28042024Headline:

Cercasi Destra disperatamente

Come Viterbo ha dilapidato un patrimonio politico e culturale

Giancarlo Gabbianelli

Giancarlo Gabbianelli

Scena uno, esterno giorno, piazza del Comune. L’anziano signore indica Palazzo dei priori e si rivolge al nipote: “Vedi, figliolo, una volta questa era tutta roba nostra”. Potrebbe commuoversi, e forse lo fa, dietro l’impermeabile inglese e sotto il cappello. Ma il ragazzo non se ne accorge, o comunque non capirebbe. Perché è difficile spiegare oggi ad un diciottenne che la destra ha governato Viterbo per diciott’anni consecutivi, che qui la Seconda Repubblica aveva soltanto un verso, e i numeri le davano ragione, e che invece adesso tutto questo è finito, passato, e va a capire se mai tornerà.
Già, dov’è finito il centrodestra viterbese? Dov’è finita la destra, soprattutto? Che fine hanno fatto quei galantuomini che – tra i pochissimi in Italia – seppero sfruttare il crollo del sistema dopo Tangentopoli e voltarlo a destra, invece che a sinistra? Quelli che elessero tre sindaci (uno, Giancarlo Gabbianelli, per due volte) dopo la fine del vecchio sistema? Quelli che presero l’esempio di Falcone e Borsellino e ne fecero una filosofia di vita, di governo?

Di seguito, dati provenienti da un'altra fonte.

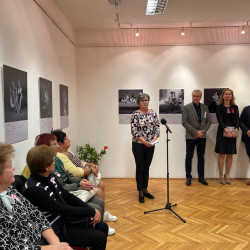 ki a kovetkezo fotokiallitas02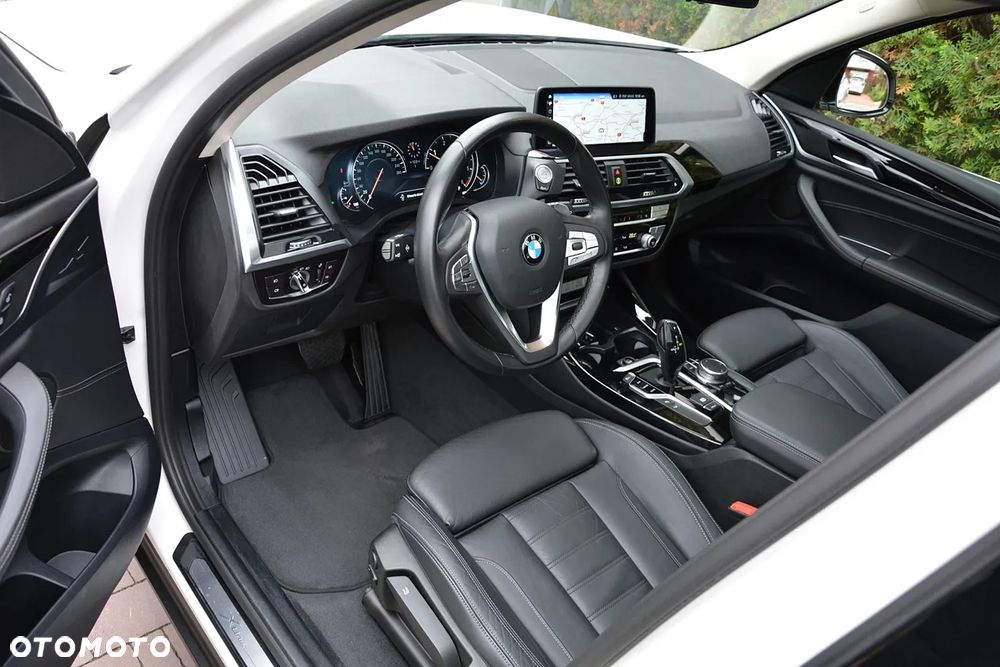 BMW X3 xDrive20d xLine - 22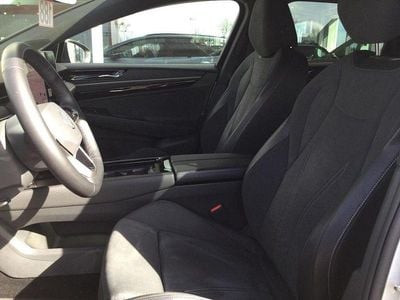 Gebraucht VW ID.7 Pro 210 kW (286 PS) 2025 Weiß Kombi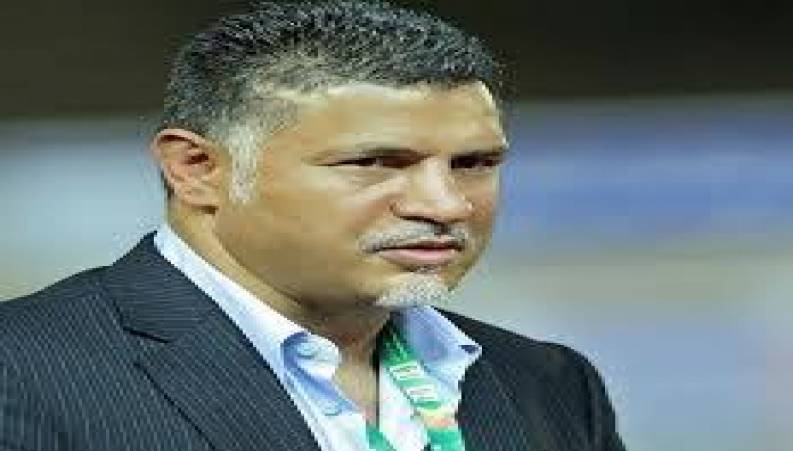 علی دایی : کسی که از این دستم چًک بخورد سه روز می خوابد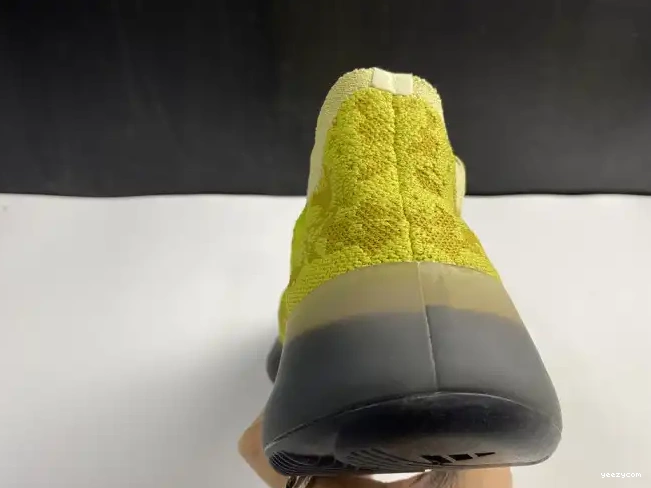 380 HYLTE GLOW ADIDAS FZ4990 YEEZY BOOST 0526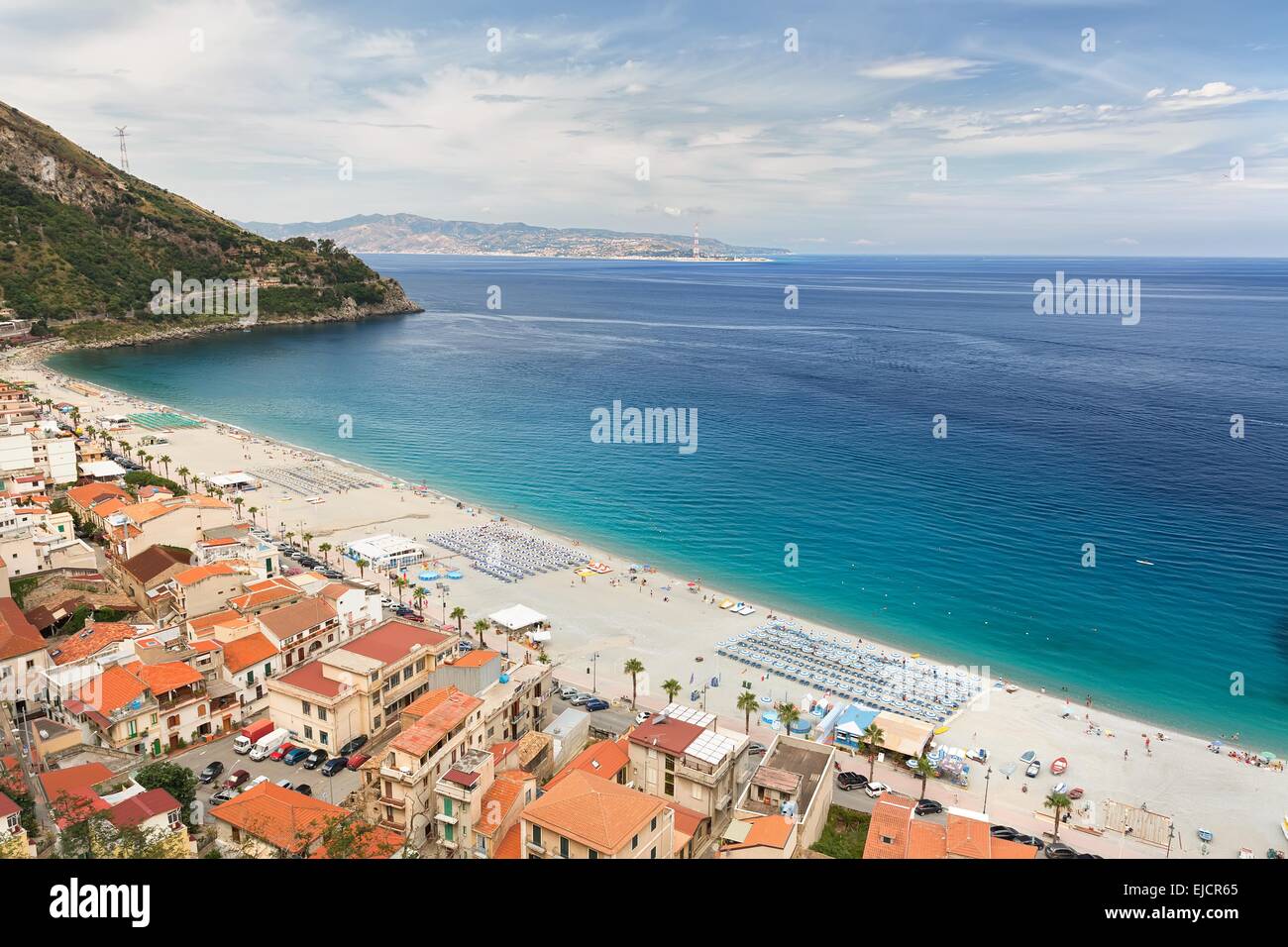 Vista sulla spiaggia di Scilla in Calabria Foto Stock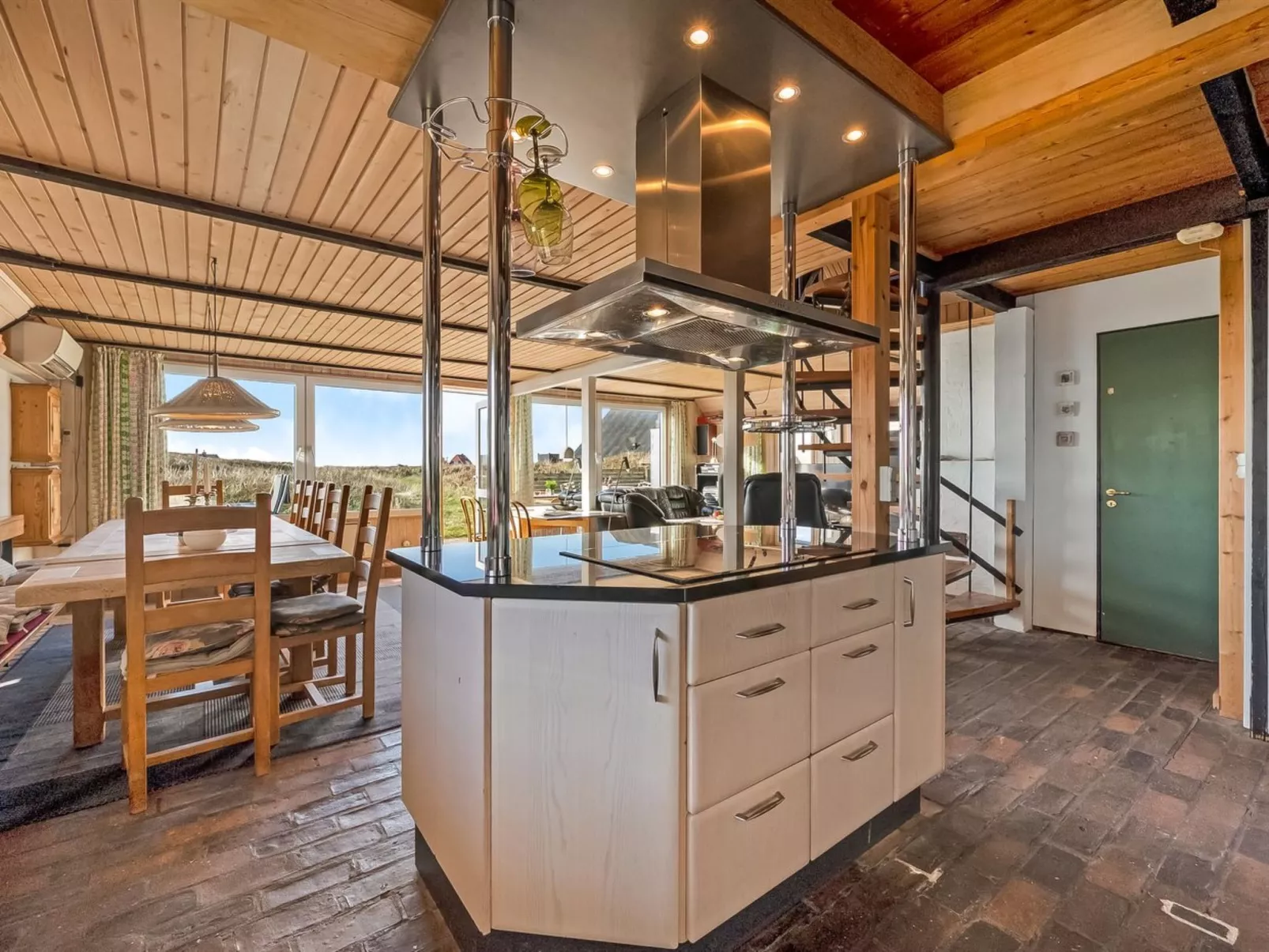 "Kurt" - 75m from the sea-Binnen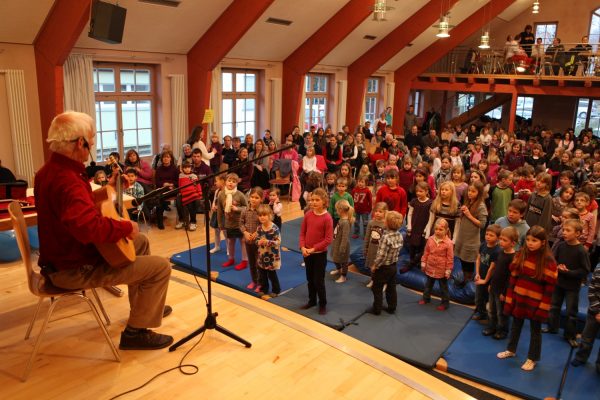 Kinderkonzert mit dem Liedermacher Fredrik Vahlein Romrod im Januar 2012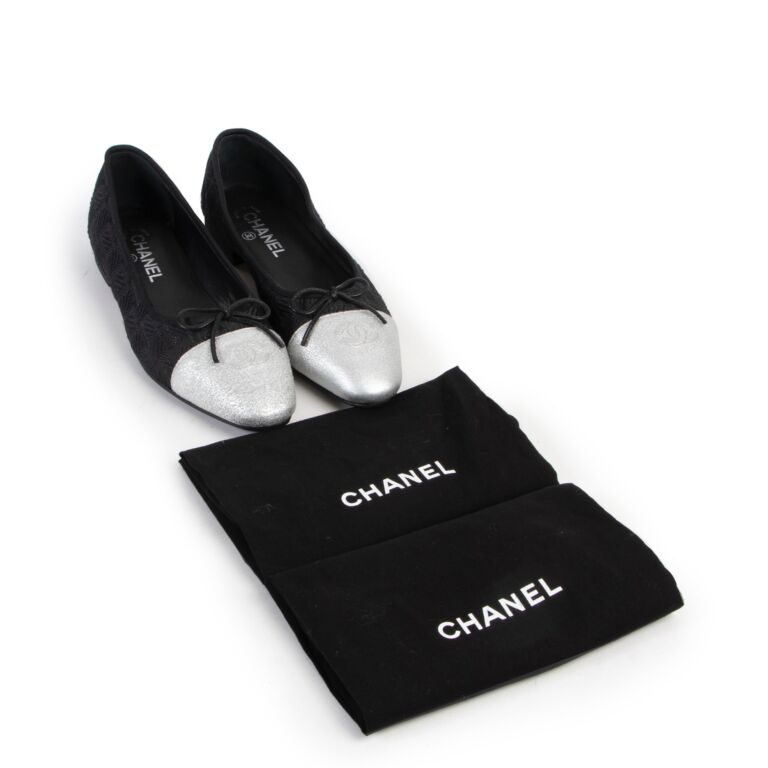Chanel Black and Silver Ballerina Flats - Size 39,5 ○ Labellov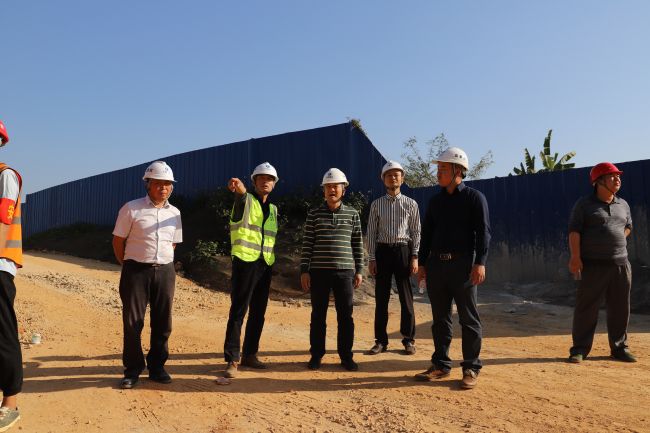 8检查现场。。。。。。杨钰 摄 (5).jpg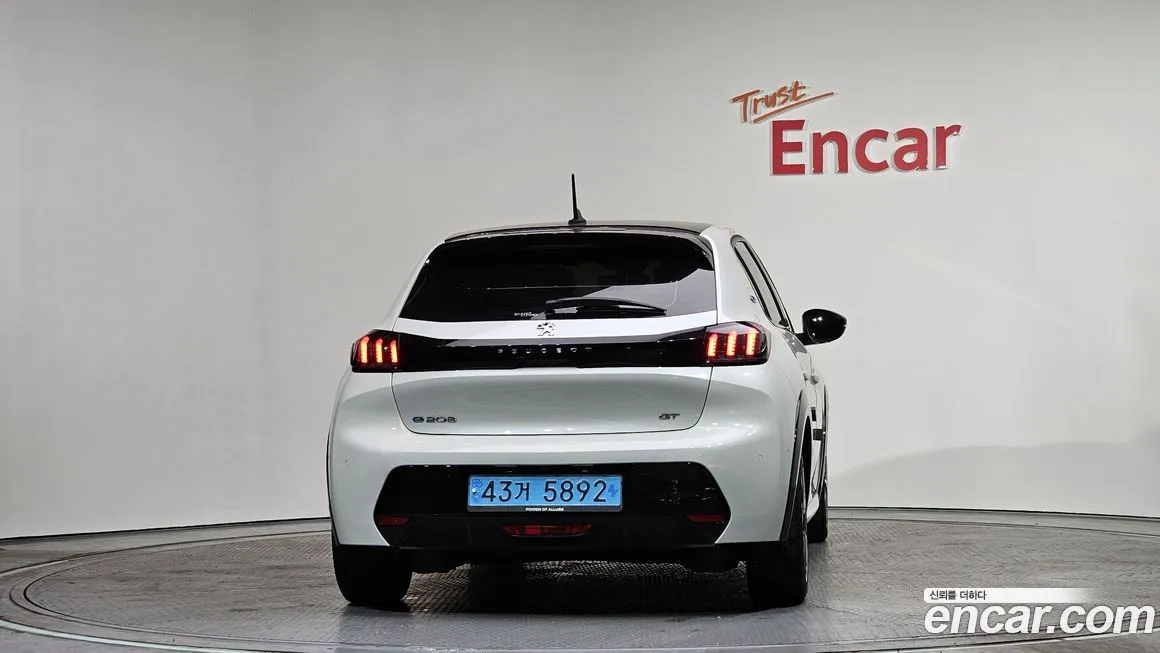 Peugeot 208 2022 из KR, фото 5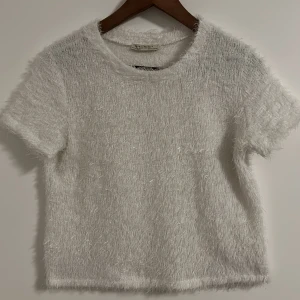 Vit kortärmad tröja - Använt några gånger men den är fortfarande i fin skick. Ljuset gör att den ändrar lite färgen men den är helt vit. Man kan ha en långärmad t-shirt eller topp under!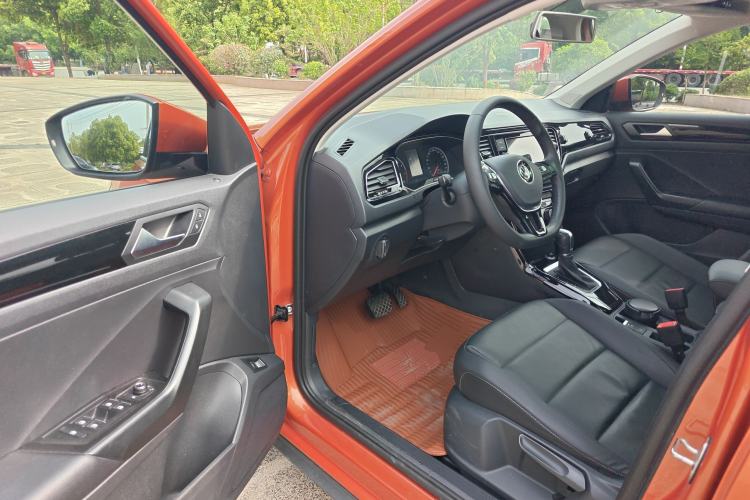 Used Volkswagen T-ROC 2019 280TSI DSG Two-Wheel Drive Comfort Version China VI Standard
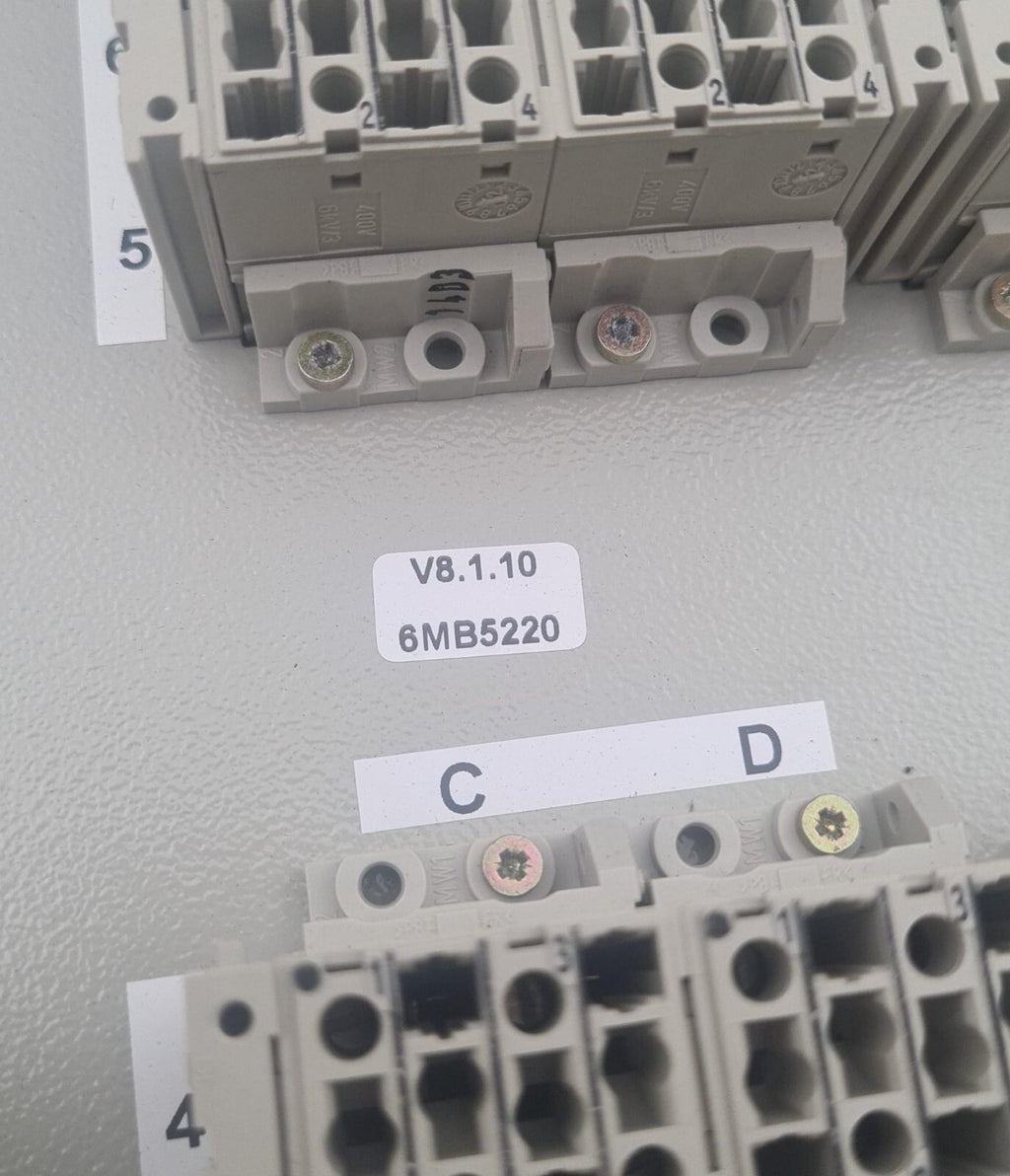 SIEMENS SIPROTEC 6MB5220-1DF45-6BA2/HH Input-Output-Unit Device 6MB5220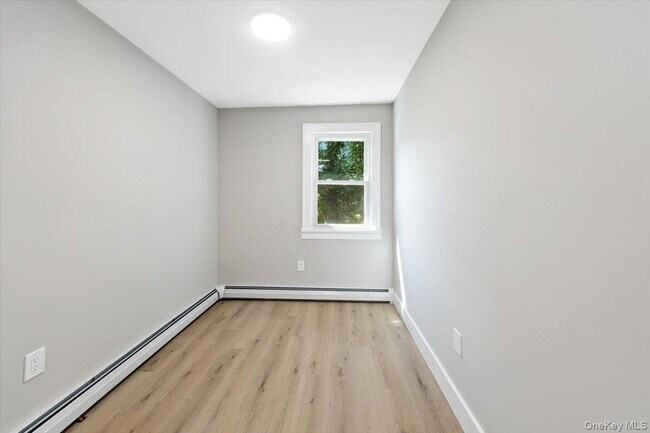 Building Photo - 60 Leroy Ave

Gianfranco Fini, padre e distruttore della Destra italiana

Gianfranco Fini, padre e distruttore della Destra italiana

Tutta Italia guardava: c’era Viterbo e c’era Foggia, due vittorie assicurate al momento dello spoglio. C’era Fini (voto 0) che veniva di gusto ad arringare la folla del PalaMalè, e quando proprio non poteva mandava Gasparri (voto 1), che allora sembrava ancora un fine politologo, mica la macchietta di oggi. Migliaia e migliaia di persone, in queste adunate: la buona borghesia (quella che fino a due mesi prima aveva votato Dc), i vecchi fascistoni che pure sembravano a disagio per l’improvviso exploit – loro, reduci da anni di comizi di Almirante, belli sì ma inutili alla prova delle urne –, e poi tanti giovani. Sì, i giovani, la vera novità che portò la destra a prendersi Viterbo, il Comune, spazzando via persino Fioroni, “il sindaco più giovane d’Italia”: una sconfitta che Peppino non è mai riuscito a digerire e che ha sempre voluto vendicare.
E venne Meroi (voto 7), che i ragazzi del Fronte della Gioventù adoravano e trattavano da fratello, e poi venne Gabbianelli, che dalla destra era uscito all’ora di Fiuggi salvo poi rientrarci ma che nessuno, qui, s’era mai permesso di discutere. Per capacità oratorie (è stato il migliore, voto 10) e anche per piglio decisionistico. Uno con le palle, Giancarlino, uno che ha cambiato la città, anche se ancora ne sta pagando le conseguenze. E dietro c’erano i padri nobili, i Signorelli (rincoglionito, ma efficace, (voto 9), i Pippi D’Angelo, i Zanobi, per capirci. E sotto, ancora i giovani: gli Scaramuccia, del quale tutti i pischelli neanche in età di voto avevano il numero, e poi i Rotelli e i Bianchini, e dopo ancora i Sabatini, ultimo lampo. Perché una destra più forte è anche uno stimolo  per il centrosinistra e una vittoria intrinseca di quella che voi chiamate democrazia (voto 3 e mezzo).
Che fine ha fatto quella destra viterbese? E’ morta, e non più in grado di proporre un nome forte, un progetto serio, un’aggregazione valida, anche a livello giovanile. Un po è stata ammazzata dalle ambizioni di Forza Italia (che qui, comunque, aveva sempre contato poco), un po’ dalla magistratura, un po’ dagli acciacchi dell’età. Ma c’è da scommettere che tra quelli che hanno scelto Leonardo Michelini nella primavera del 2013, c’erano tanti, tantissimi, elettori che negli anni precedenti avevano votato dall’altra parte. E che hanno accettato loro malgrado di morire democristiani. Così passa la gloria del mondo, voto 1.